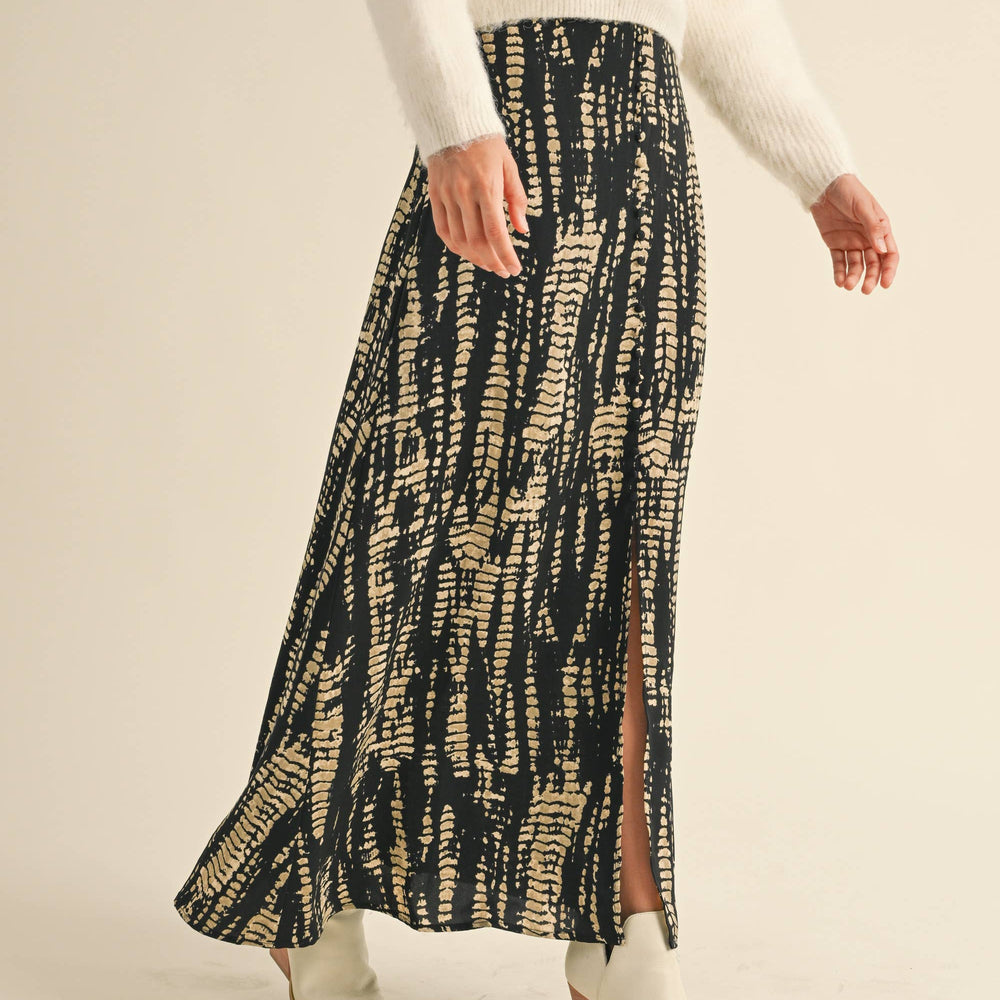 
                      
                        Cadence Skirt
                      
                    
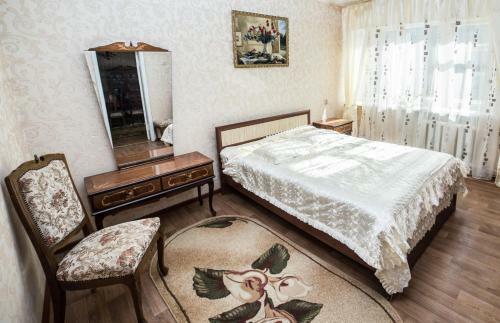Hotel Strela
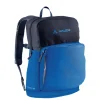 Vaude Minnie 10 Kinderrugzak blue/eclipse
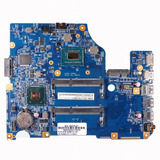 I5-3337u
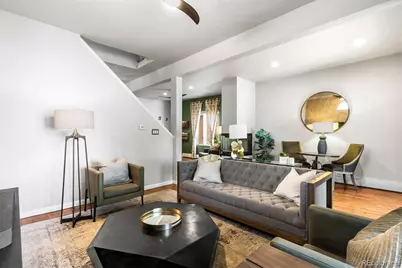 52 N Lincoln Street, Denver, CO 80203 - Photo 5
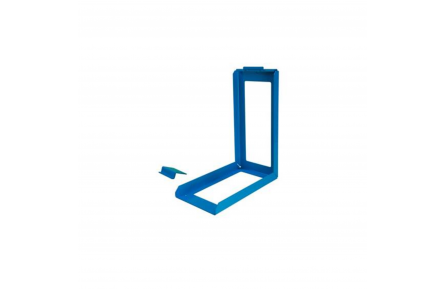 DE0404A Reel stand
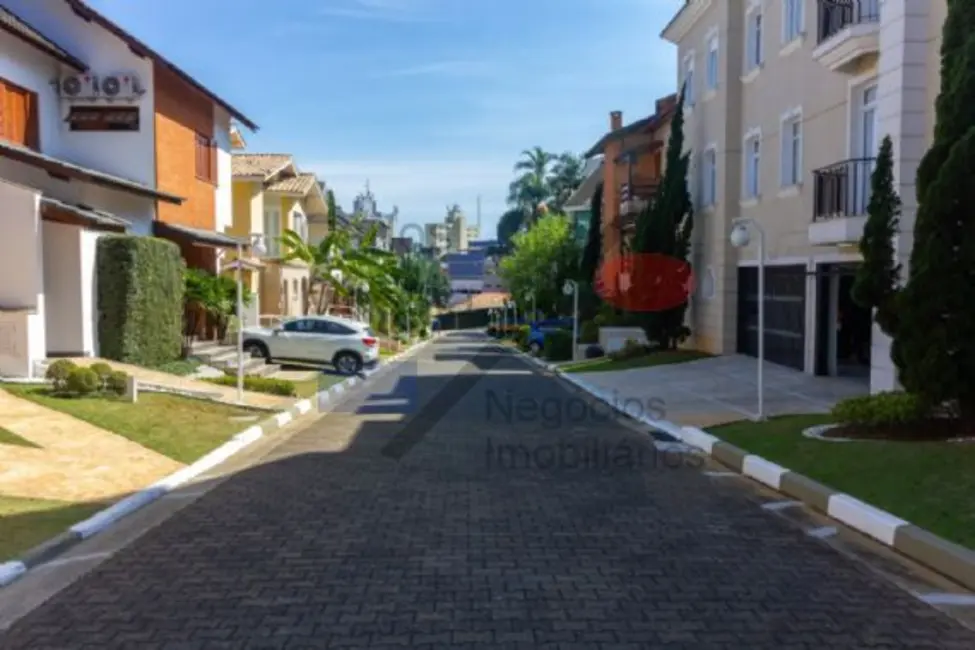 Foto 4 de Casa de Condomínio com 4 quartos à venda, 799m2 em Jardim Franca, São Paulo - SP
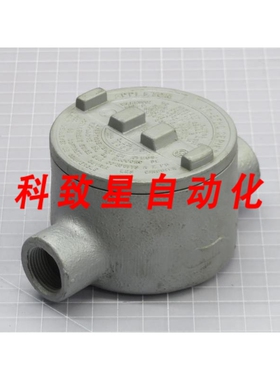 工业配件GR-EFHC OUTLET/HANDY BOX T229252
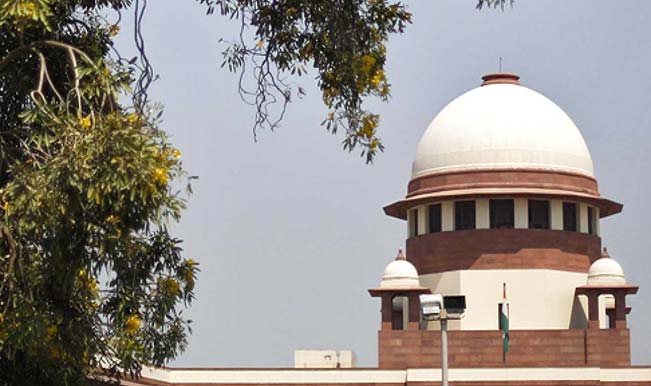 Supreme Court grants Abdul Nazir Maudany one month bail Supreme Court grants Abdul Nazir Maudany one month bail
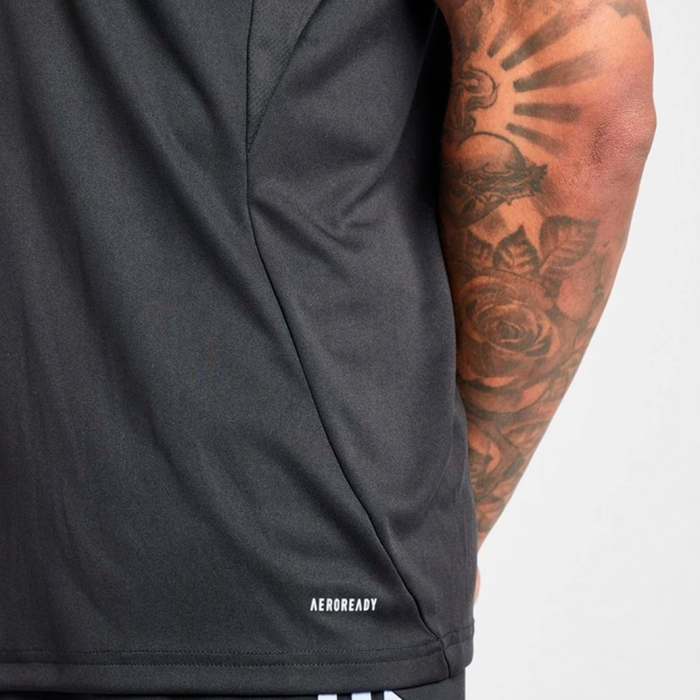 Aston Villa 2025/26 Away Jersey - Fan Version - Image 4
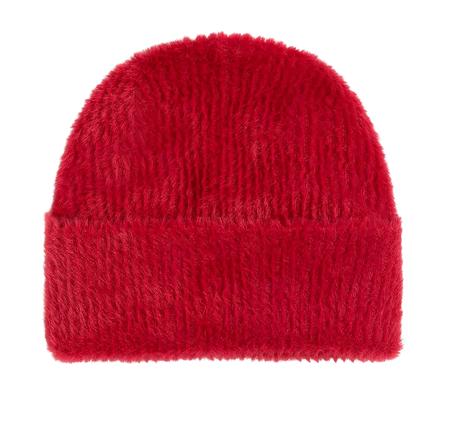 Vans Van Doren Co. Cuff Beanie Vans Van Doren Co. Cuff Beanie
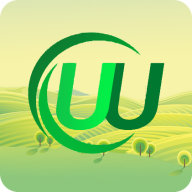 UU森林官方手机端下载_U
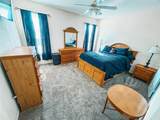 1400 Mountain Air Trail - Photo 15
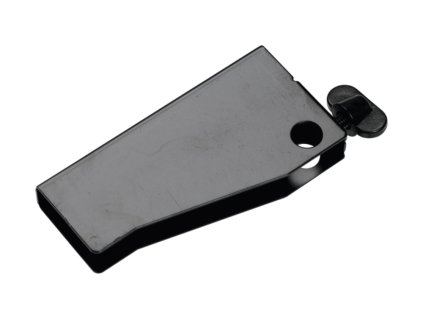 priloha.php?ak=1379363#122472 0 C1C0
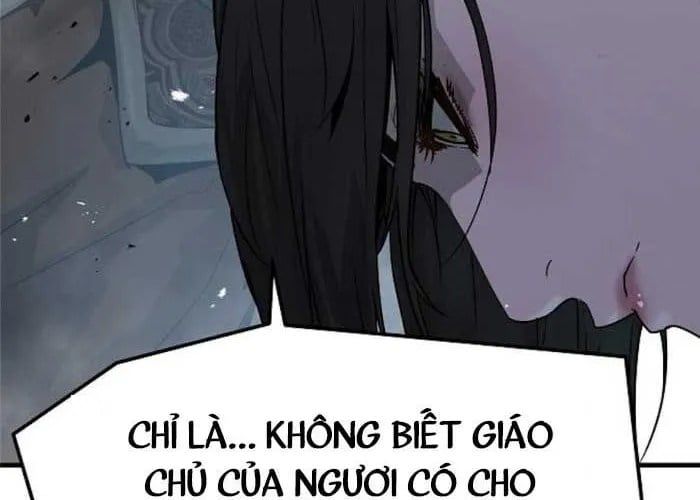 Trang 161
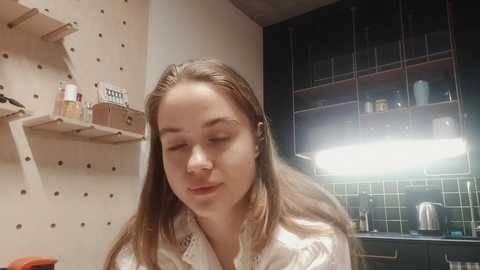 celeste_glow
———
INSTRUCTIONS TO FOLLOW →
Except for the pictures, copy every line of the records above exactly.

EXERCISE RESULT →
                        Cadence Skirt
                      
                    
Hotel Strela
 Vaude Minnie 10 Kinderrugzak blue/eclipse
 I5-3337u
 52 N Lincoln Street, Denver, CO 80203 - Photo 5
 DE0404A Reel stand
 Foto 4 de Casa de Condomínio com 4 quartos à venda, 799m2 em Jardim Franca, São Paulo - SP
 工业配件GR-EFHC OUTLET/HANDY BOX T229252
 Supreme Court grants Abdul Nazir Maudany one month bail Supreme Court grants Abdul Nazir Maudany one month bail
 Aston Villa 2025/26 Away Jersey - Fan Version - Image 4
 Vans Van Doren Co. Cuff Beanie Vans Van Doren Co. Cuff Beanie
 UU森林官方手机端下载_U
 1400 Mountain Air Trail - Photo 15
 priloha.php?ak=1379363#122472 0 C1C0
 Trang 161
 celeste_glow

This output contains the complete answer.